WHAT IS REQUIRED — Please reproduce all of the listing below exactly and drop its images.

THE DATA —

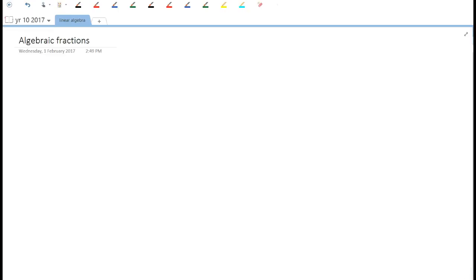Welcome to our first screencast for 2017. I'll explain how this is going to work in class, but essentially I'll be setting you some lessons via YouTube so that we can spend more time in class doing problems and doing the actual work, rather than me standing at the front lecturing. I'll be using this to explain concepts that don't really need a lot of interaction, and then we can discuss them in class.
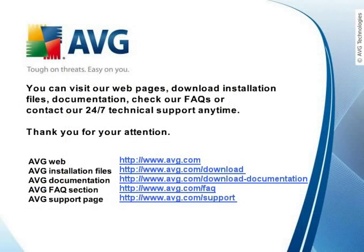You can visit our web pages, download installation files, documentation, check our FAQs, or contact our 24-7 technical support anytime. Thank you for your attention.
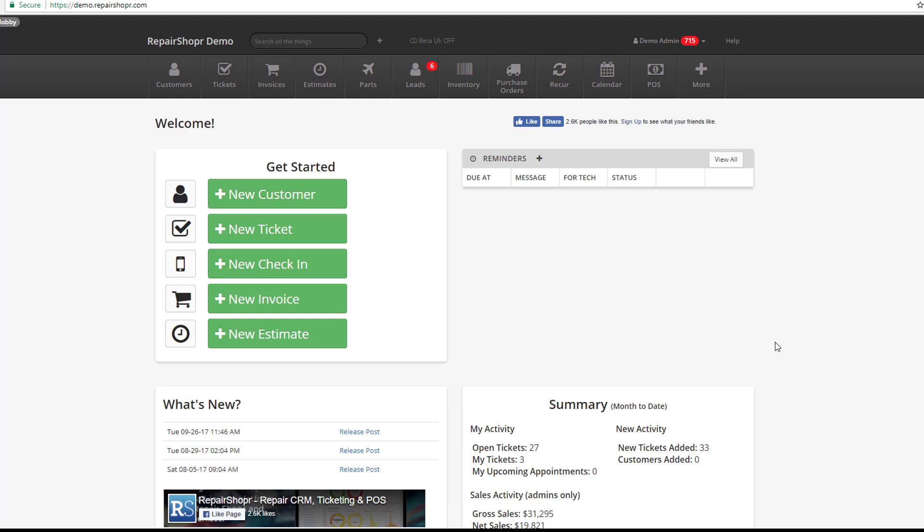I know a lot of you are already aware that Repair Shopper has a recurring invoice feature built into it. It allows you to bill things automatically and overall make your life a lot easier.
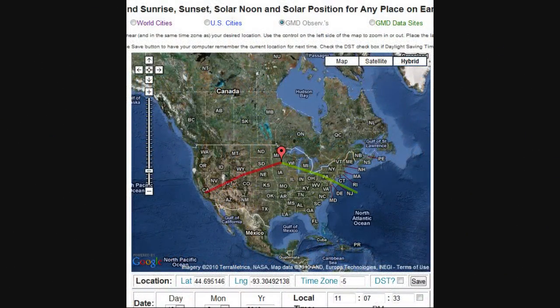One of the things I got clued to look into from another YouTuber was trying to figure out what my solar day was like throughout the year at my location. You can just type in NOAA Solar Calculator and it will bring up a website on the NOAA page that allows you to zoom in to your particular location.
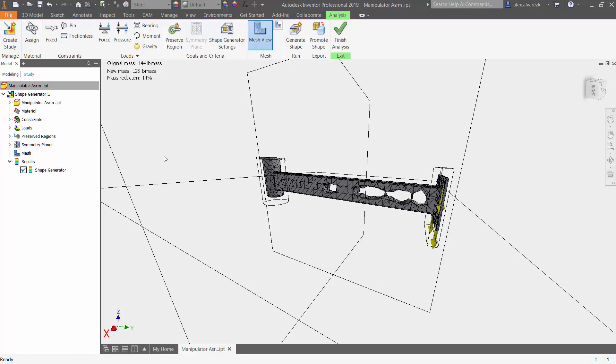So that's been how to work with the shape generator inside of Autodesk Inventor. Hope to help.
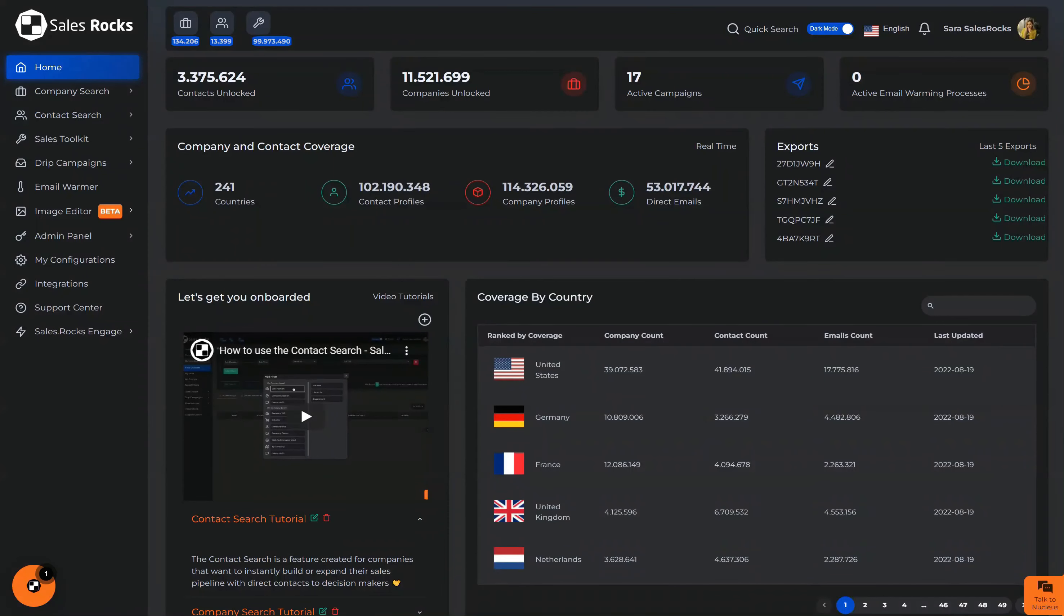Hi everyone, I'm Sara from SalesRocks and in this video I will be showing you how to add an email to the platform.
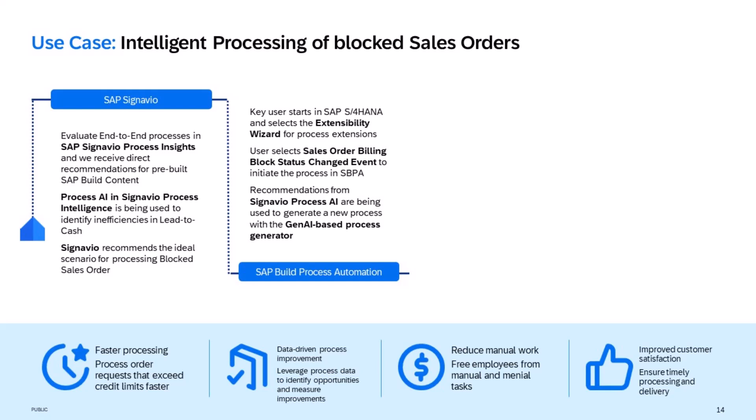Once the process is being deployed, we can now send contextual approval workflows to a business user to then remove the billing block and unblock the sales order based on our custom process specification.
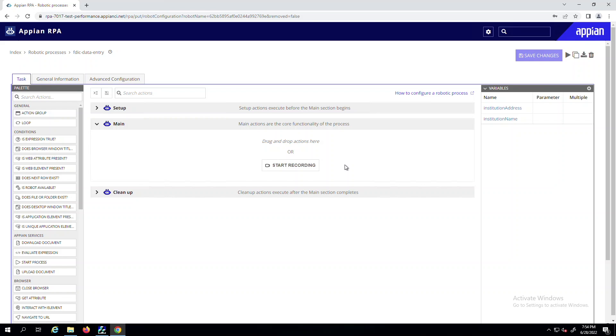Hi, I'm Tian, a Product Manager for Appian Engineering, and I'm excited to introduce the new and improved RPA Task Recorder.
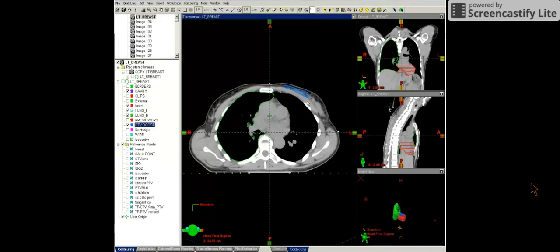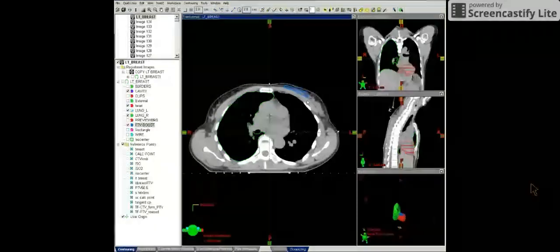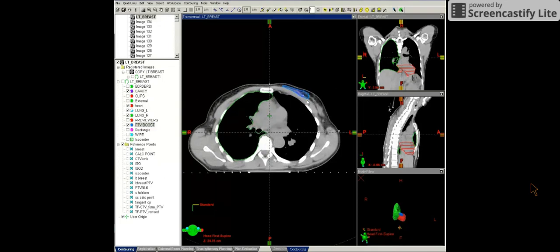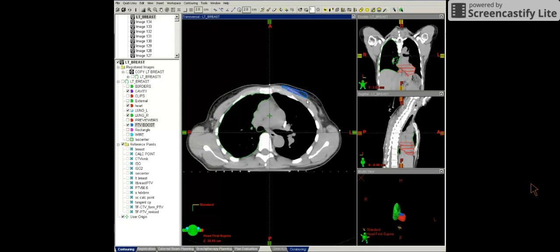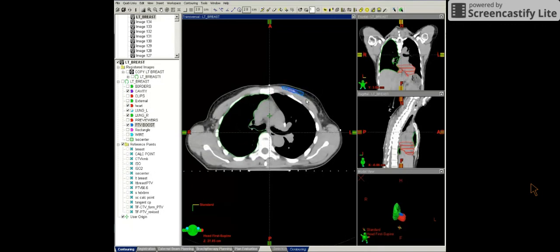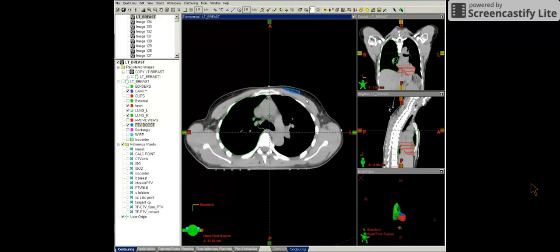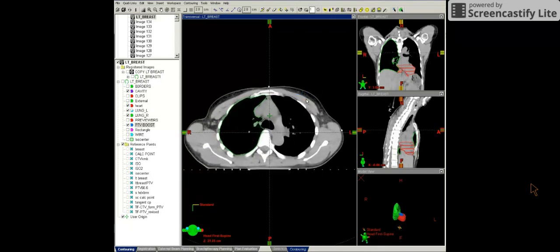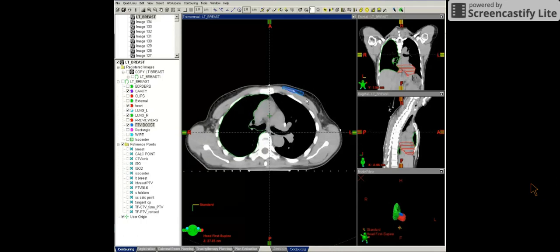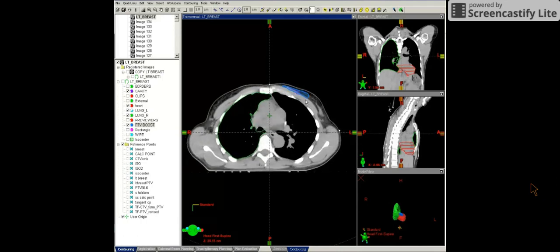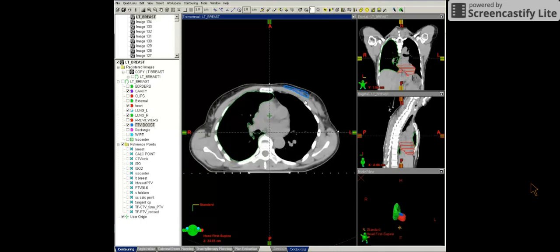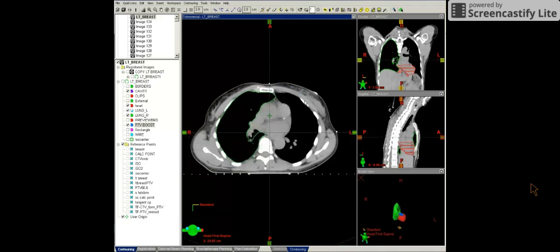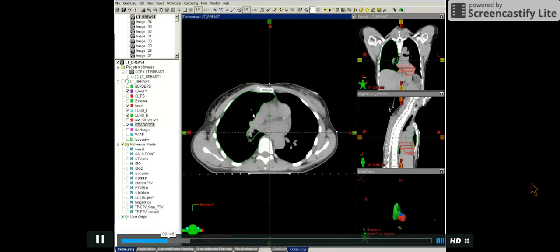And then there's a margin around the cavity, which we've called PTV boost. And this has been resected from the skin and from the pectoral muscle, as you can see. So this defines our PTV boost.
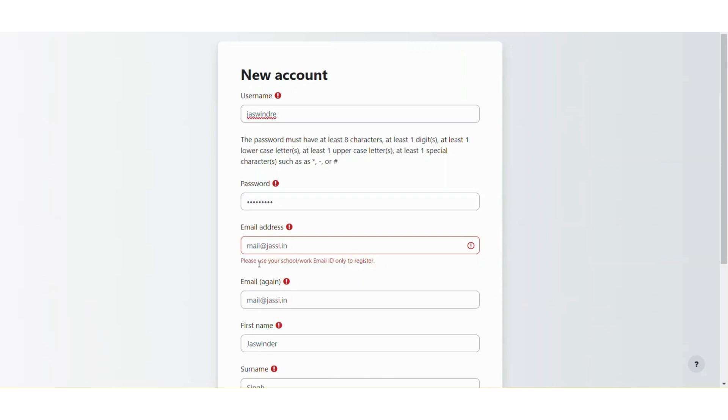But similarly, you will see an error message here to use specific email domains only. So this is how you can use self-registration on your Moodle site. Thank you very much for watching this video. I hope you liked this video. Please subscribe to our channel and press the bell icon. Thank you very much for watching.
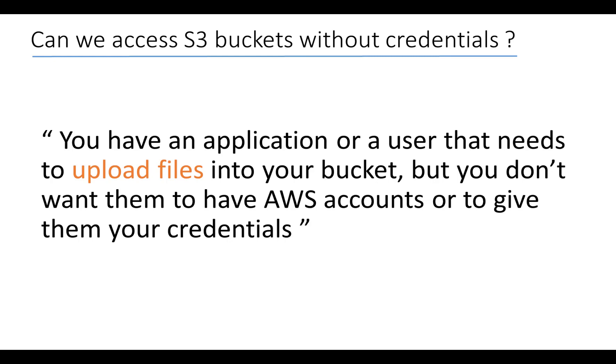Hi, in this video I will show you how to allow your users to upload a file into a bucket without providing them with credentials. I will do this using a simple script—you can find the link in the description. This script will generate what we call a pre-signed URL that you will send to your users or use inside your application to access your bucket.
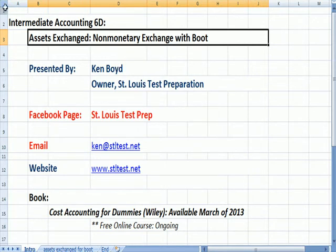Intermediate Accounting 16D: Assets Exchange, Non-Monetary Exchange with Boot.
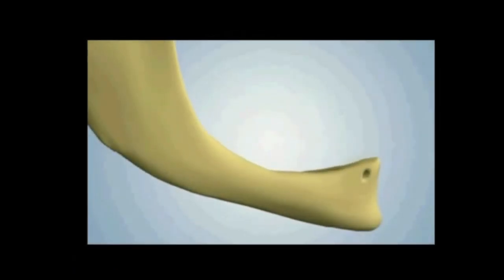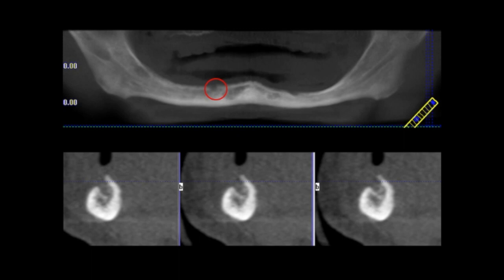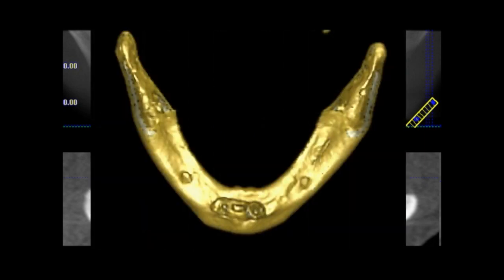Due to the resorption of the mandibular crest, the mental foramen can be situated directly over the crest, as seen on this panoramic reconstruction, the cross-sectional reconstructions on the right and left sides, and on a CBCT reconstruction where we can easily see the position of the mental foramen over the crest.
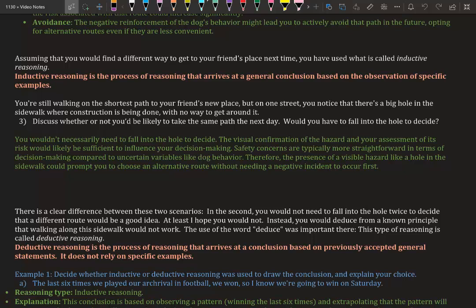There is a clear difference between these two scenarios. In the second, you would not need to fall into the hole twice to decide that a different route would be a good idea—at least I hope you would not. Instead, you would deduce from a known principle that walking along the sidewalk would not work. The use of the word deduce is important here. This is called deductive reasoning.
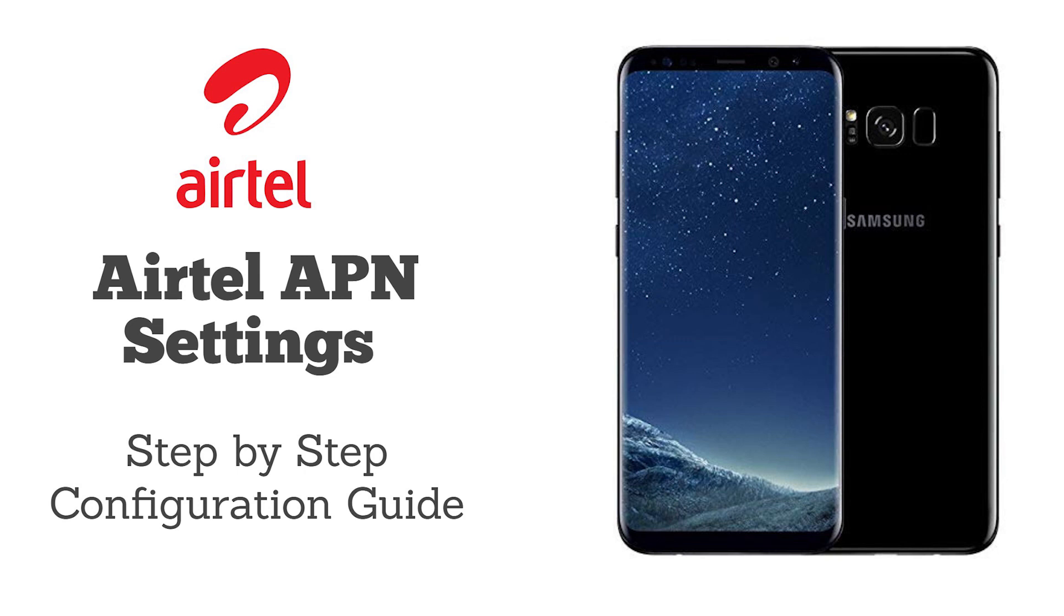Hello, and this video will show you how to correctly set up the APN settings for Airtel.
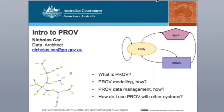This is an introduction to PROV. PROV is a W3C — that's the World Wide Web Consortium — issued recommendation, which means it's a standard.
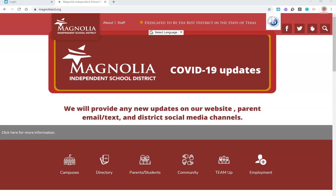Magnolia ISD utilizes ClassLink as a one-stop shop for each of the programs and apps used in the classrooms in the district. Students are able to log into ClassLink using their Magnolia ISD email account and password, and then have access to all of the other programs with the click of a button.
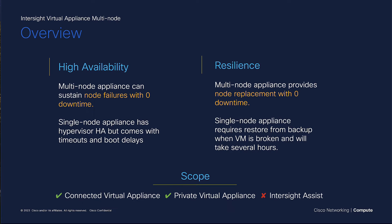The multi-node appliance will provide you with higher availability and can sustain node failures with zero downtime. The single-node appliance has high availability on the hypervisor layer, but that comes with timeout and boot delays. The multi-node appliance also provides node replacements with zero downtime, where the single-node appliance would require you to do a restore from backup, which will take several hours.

ANSWER FOR THIS EXERCISE —
Welcome to our first screencast for 2017. I'll explain how this is going to work in class, but essentially I'll be setting you some lessons via YouTube so that we can spend more time in class doing problems and doing the actual work, rather than me standing at the front lecturing. I'll be using this to explain concepts that don't really need a lot of interaction, and then we can discuss them in class.
You can visit our web pages, download installation files, documentation, check our FAQs, or contact our 24-7 technical support anytime. Thank you for your attention.
I know a lot of you are already aware that Repair Shopper has a recurring invoice feature built into it. It allows you to bill things automatically and overall make your life a lot easier.
One of the things I got clued to look into from another YouTuber was trying to figure out what my solar day was like throughout the year at my location. You can just type in NOAA Solar Calculator and it will bring up a website on the NOAA page that allows you to zoom in to your particular location.
So that's been how to work with the shape generator inside of Autodesk Inventor. Hope to help.
Hi everyone, I'm Sara from SalesRocks and in this video I will be showing you how to add an email to the platform.
Once the process is being deployed, we can now send contextual approval workflows to a business user to then remove the billing block and unblock the sales order based on our custom process specification.
Hi, I'm Tian, a Product Manager for Appian Engineering, and I'm excited to introduce the new and improved RPA Task Recorder.
And then there's a margin around the cavity, which we've called PTV boost. And this has been resected from the skin and from the pectoral muscle, as you can see. So this defines our PTV boost.
But similarly, you will see an error message here to use specific email domains only. So this is how you can use self-registration on your Moodle site. Thank you very much for watching this video. I hope you liked this video. Please subscribe to our channel and press the bell icon. Thank you very much for watching.
Hi, in this video I will show you how to allow your users to upload a file into a bucket without providing them with credentials. I will do this using a simple script—you can find the link in the description. This script will generate what we call a pre-signed URL that you will send to your users or use inside your application to access your bucket.
Intermediate Accounting 16D: Assets Exchange, Non-Monetary Exchange with Boot.
Due to the resorption of the mandibular crest, the mental foramen can be situated directly over the crest, as seen on this panoramic reconstruction, the cross-sectional reconstructions on the right and left sides, and on a CBCT reconstruction where we can easily see the position of the mental foramen over the crest.
There is a clear difference between these two scenarios. In the second, you would not need to fall into the hole twice to decide that a different route would be a good idea—at least I hope you would not. Instead, you would deduce from a known principle that walking along the sidewalk would not work. The use of the word deduce is important here. This is called deductive reasoning.
Hello, and this video will show you how to correctly set up the APN settings for Airtel.
This is an introduction to PROV. PROV is a W3C — that's the World Wide Web Consortium — issued recommendation, which means it's a standard.
Magnolia ISD utilizes ClassLink as a one-stop shop for each of the programs and apps used in the classrooms in the district. Students are able to log into ClassLink using their Magnolia ISD email account and password, and then have access to all of the other programs with the click of a button.
The multi-node appliance will provide you with higher availability and can sustain node failures with zero downtime. The single-node appliance has high availability on the hypervisor layer, but that comes with timeout and boot delays. The multi-node appliance also provides node replacements with zero downtime, where the single-node appliance would require you to do a restore from backup, which will take several hours.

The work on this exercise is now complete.